In the “Mysterious Stranger”, written from 1890 to 1910, he remarked “Nothing exists; all is a dream. God, man, the world, the sun, the moon, the wilderness of stars- a dream, all a dream; they have no existence. Nothing exists save empty space-and you!…And you are but a thought, wandering forlorn among the empty eternities”. The King as he was called last years of his life was ready to die. Death would pick him up the following year, with the Halley’s Comet.
If the Mark Twain marginalia to the Stevenson letter inscribe themselves in a more general perturbed moment of his life is also true that we must not lose sight of the facts. After years of gentle and appreciative words now Twain is rough and violent against Stevenson. Why? What happened between them? Something did broke up?

(25)Mark Twain’s Library: A Reconstruction by Alan Gribben 2 vols, Boston: G.K. Hall, 1980).
(26)“The great English letter-writers”, by William J. Dawson and Coningsby W. Dawson, vol. I, Harper & Brothers Publishers, New York and London, MCMIX. the marginalia are at page 99.
(27) from “Selected letters of Robert Louis Stevenson” edited by Ernest Mehew, Yale University press, 1997


Over his life Mark Twain appreciated Robert Louis Stevenson work
In 1888 Twain wrote him to express the desire “to see you & thank you for writing Kidnapped & Treasure Island…Those two great books! How we bathed in them, last summer & refreshed our spirits” .
Stevenson’s “The strange Case of Dr Jekyll and Mr Hyde” naturally interested Mark Twain, a writer fascinated by doubleness and twin identity. Angelo and Luigi of his “Those extraordinary Twins” (1894) were two of his best-known creations in this vein. Twain went on to object to Jekyll’s and Hyde’s knowing each other: “Stevenson was wrong, for the two persons in a man are wholly unknown to each other & can never in this world communicate with each other in any way”. Following Olivia Clemens’s death, his wife, in 1904, Twain reflected in Notebook 47: “God, so atrocious in the Old Testament, so attractive in the New-the Jekyll & Hyde of sacred fiction romance. Stevenson plagiarized it? “
In “Following the equator” Mark Twain quoted Stevenson’s directions to Arthur Conan Doyle and J.M. Barrie for finding Samoa: “You go to America, cross the continent to San Francisco, and then it’s the second turning to the left”. Carlyle Smythe remarked in 1898 that Clemens “is a thorough admirer of Stevenson” “Louis Stevenson Submerged Fame” Twain wrote in Notebook 48. “Prince Otto, by author of Kidnapped” Twain wrote as entry in his notebook, on September 88. “Stephenson (sic) (Kidnapped)” he noted in March 1888, listing authors and his opinions of them; the reference seems favourable. In a letter of 15-17 April 1888 inviting Stevenson to visit Hartford, Twain expressed his willingness to travel to St. Stephens Hotel “to see you & thank you for writing Kidnapped & Treasure Island…Those two great books! How we bathed in them, last summer & refreshed our spirits”. In the notebook 26 he wrote “Prince Otto by the author of Kidnapped”. In the Indian Ocean on 8 January 1896, Twain recorded “On this voyage I have read a number of novels. Prince Otto-full of brilliances, of course-plenty of exquisite phrasing-an easy-flowing tale, but-well my sympathies were not with any of the people in it. I did not care whether any of them prospered or not. There was a fault somewhere;it could have been in me”. Mark Twain visited a Trappist monastery in Natal in April 1896; subsequently he noted: “For the Trappists draw on Louis Stephenson’s (sic) Travels with a Donkey in the Cevennes”. Another reference is mentioned in “Mark Twain: a Talk about His Books”.
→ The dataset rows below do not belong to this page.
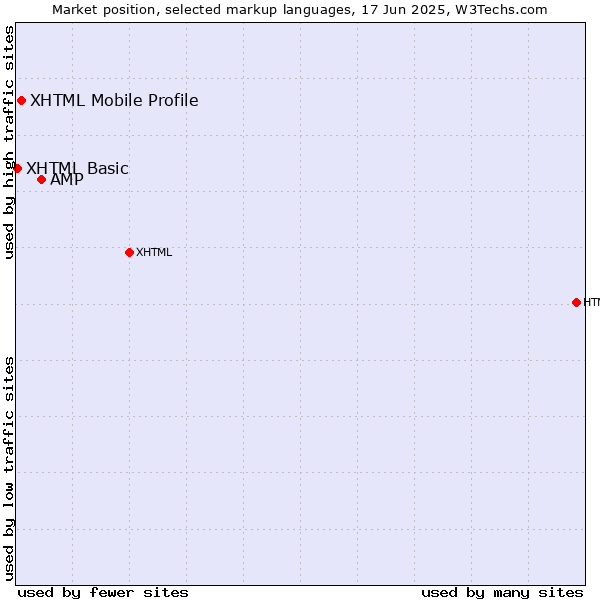 Market position of AMP vs. XHTML Mobile Profile vs. XHTML Basic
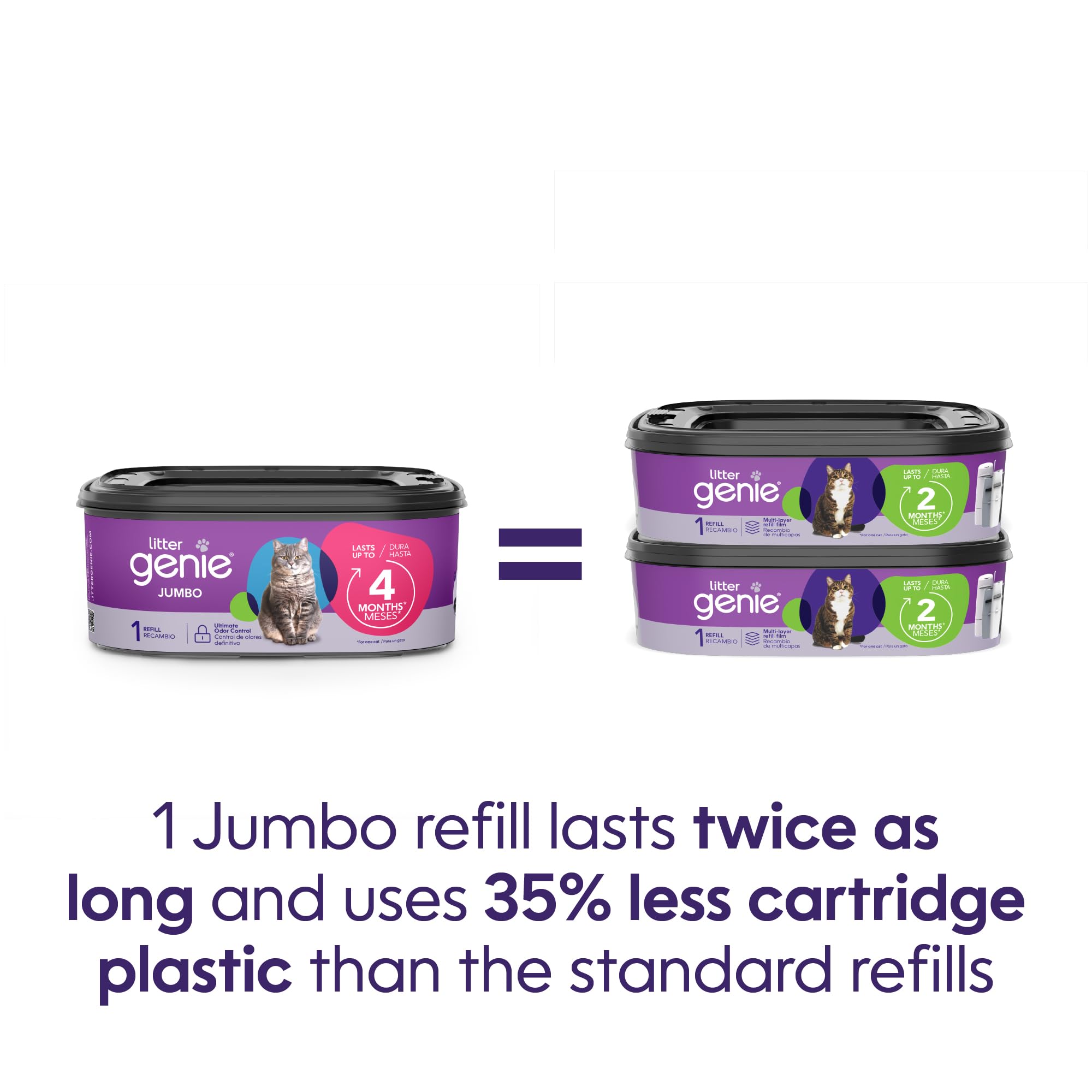 Litter Genie odor barrier layers seal in odors from litter.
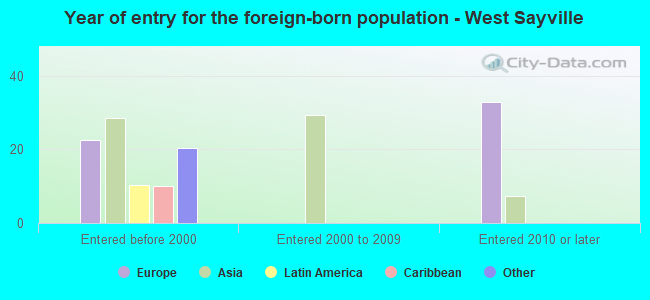 Year of entry for the foreign-born population - West Sayville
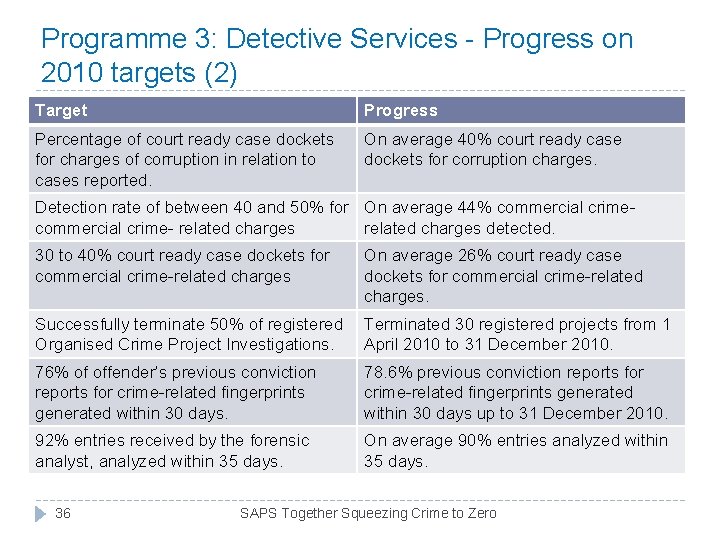 Programme 3: Detective Services - Progress on 2010 targets (2) Target Progress Percentage of Programme 3: Detective Services - Progress on 2010 targets (2) Target Progress Percentage of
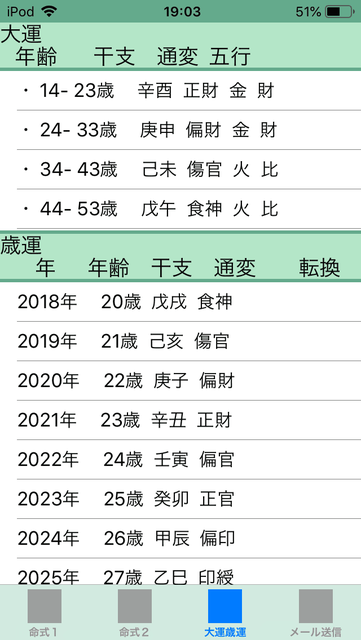 f:id:aoimotoki:20190806190606p:plain f:id:aoimotoki:20190806190606p:plain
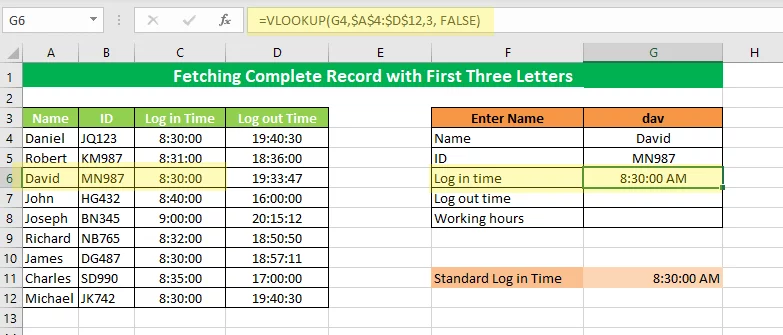 Fetching the Log-in time by using the VLOOKUP function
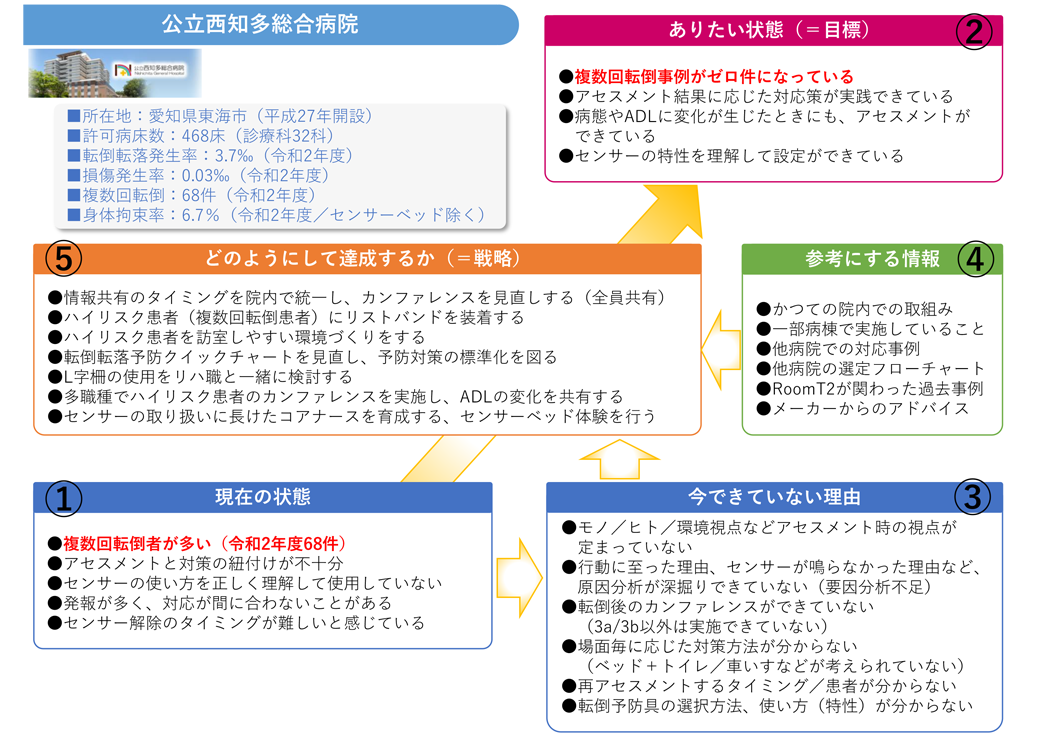 公立西知多総合病院の計画立案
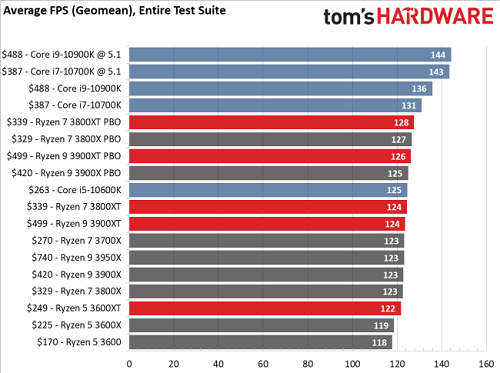 مقایسه عملکرد گیمینگ پردازنده‌های اینتل و ای‌ام‌دی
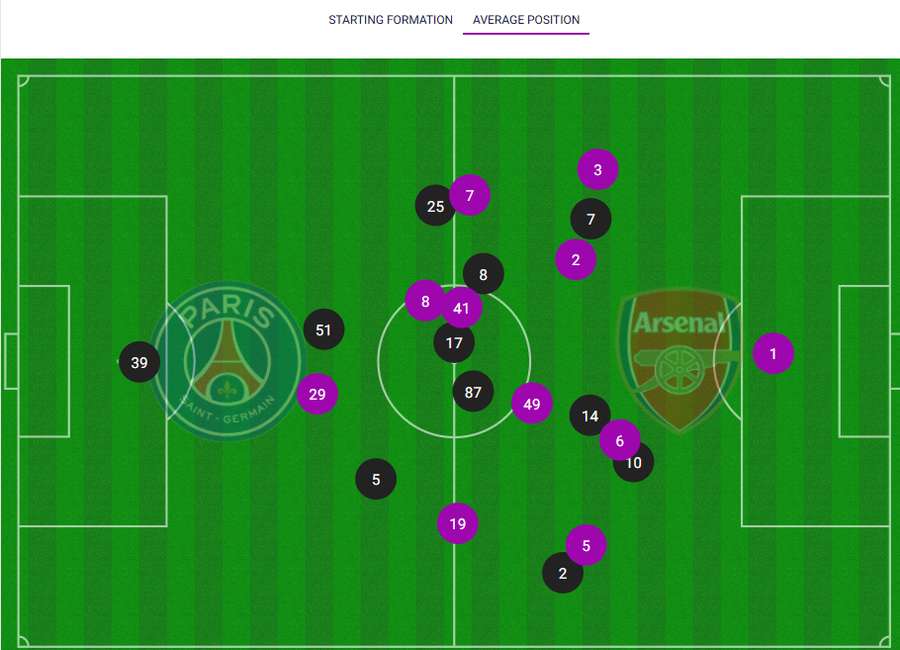 Posicionamento médio das duas equipas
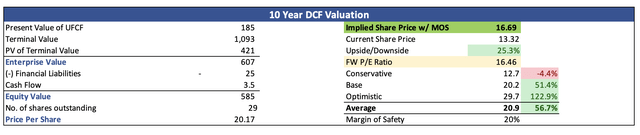 Intrinsic Value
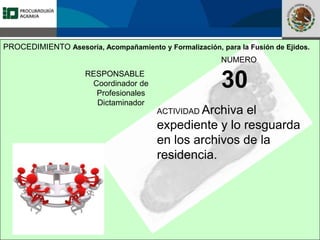 Fomento a la Inversión
Pública y Privada en la
Propiedad Rural
FIPP
RESPONSABLE
Coordinador de
Profesionales
Dictaminador
NUMERO
30
ACTIVIDAD Archiva el
expediente y lo resguarda
en los archivos de la
residencia.
PROCEDIMIENTO Asesoría, Acompañamiento y Formalización, para la Fusión de Ejidos.
 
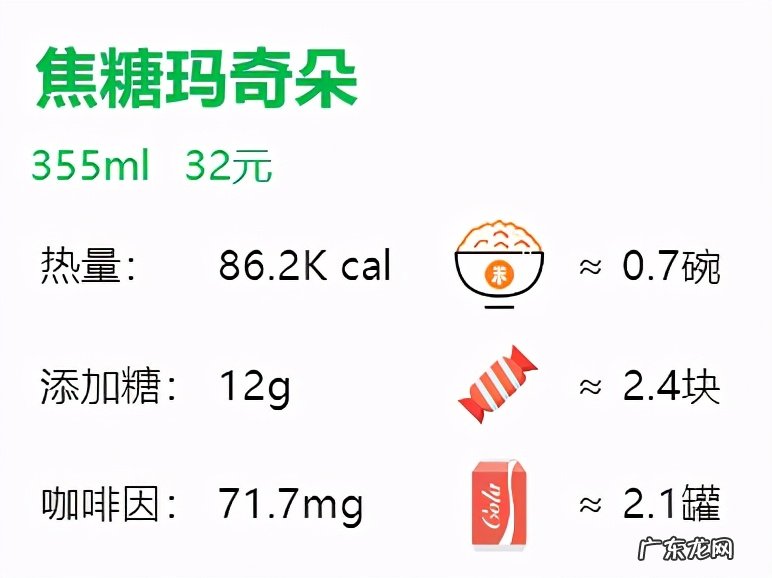 星巴克什么比较好喝(附2021年星巴克咖啡价格表_必点排行）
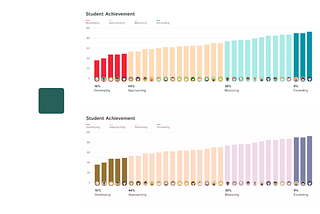 Two charts, one in colorblind mode, demonstrating an accessible color palette.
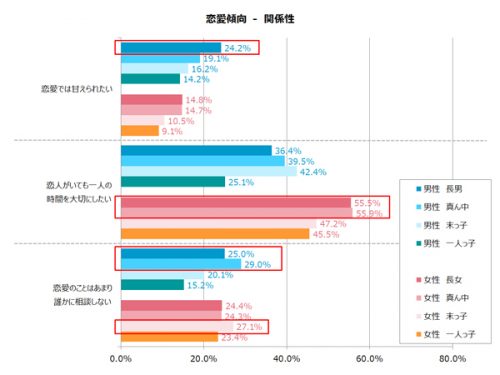 恋愛傾向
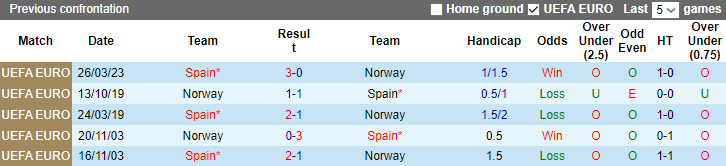 Nhận định, soi kèo Na Uy vs Tây Ban Nha, 1h45 ngày 16/10 - Ảnh 3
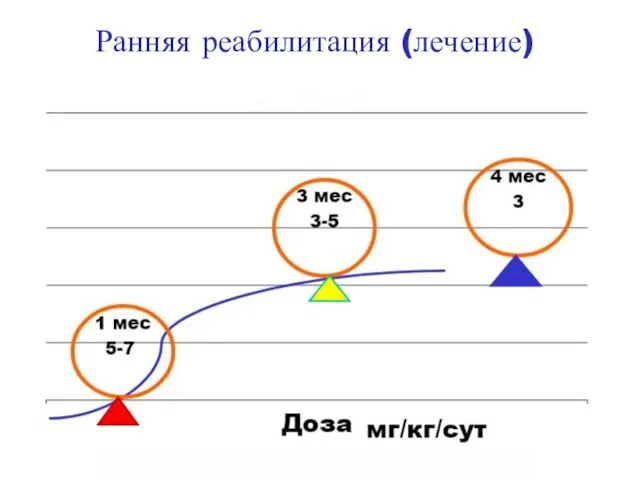 Ранняя реабилитация (лечение)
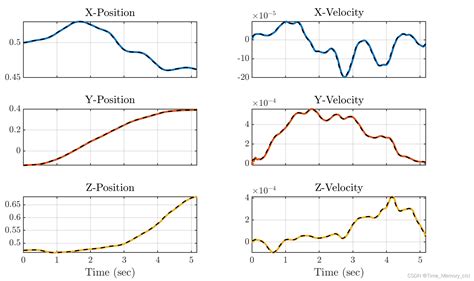 Image result for MATLAB Subplot 211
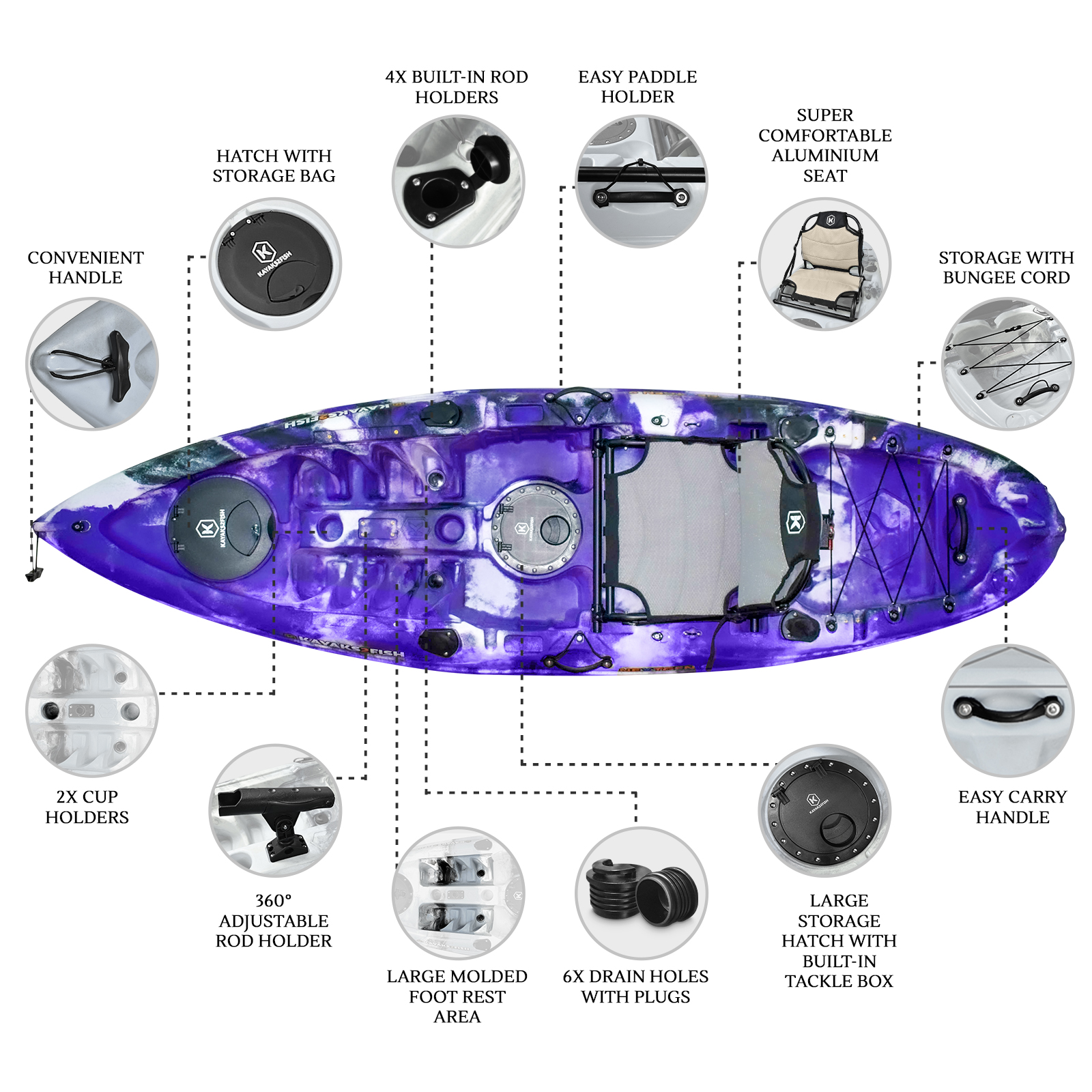 NEXTGEN 9 Fishing Kayak Package Purple Camo [BrisbaneRocklea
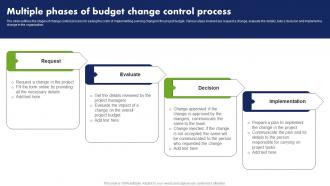 Multiple Phases Of Budget Change Control Process Cost Reduction Techniques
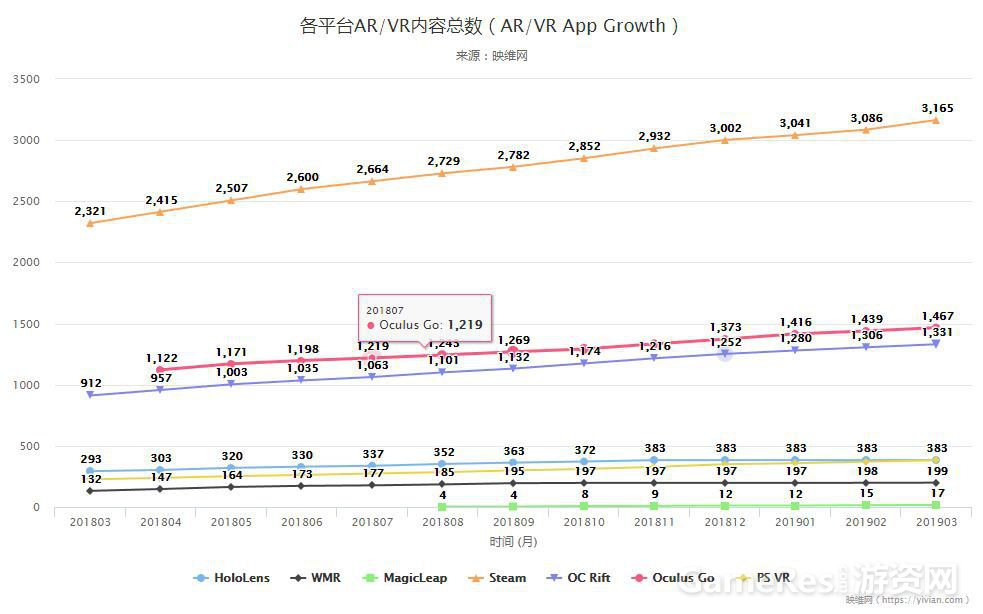 3月資料：Steam平臺WMR首破10％份額，連漲11個月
(…) Then, as regards Robert Louis Stevenson’s books, Mr Clemens says that is a very great favorite in America. He had read The Wrecker- which depicts the commercial and social life of San Francisco in such daring colors-but so long ago that he had almost forgotten it, but he remembered that part especially. Did he not think the picture overdrawn in some respects, especially in the portion about the boys’ stock-brokering gambling academy? “Well, Stevenson was a great, great writer. But”, said Mr Clemens in effect, “a man often oversteps the limits of probability in describing national characteristics, and yet somehow his exaggerated pictures are accepted by sensible people of other countries, who don’t know that too often these pictures have no more solid basis than that the man who draws them knows a little about the characteristics of the people he had described.”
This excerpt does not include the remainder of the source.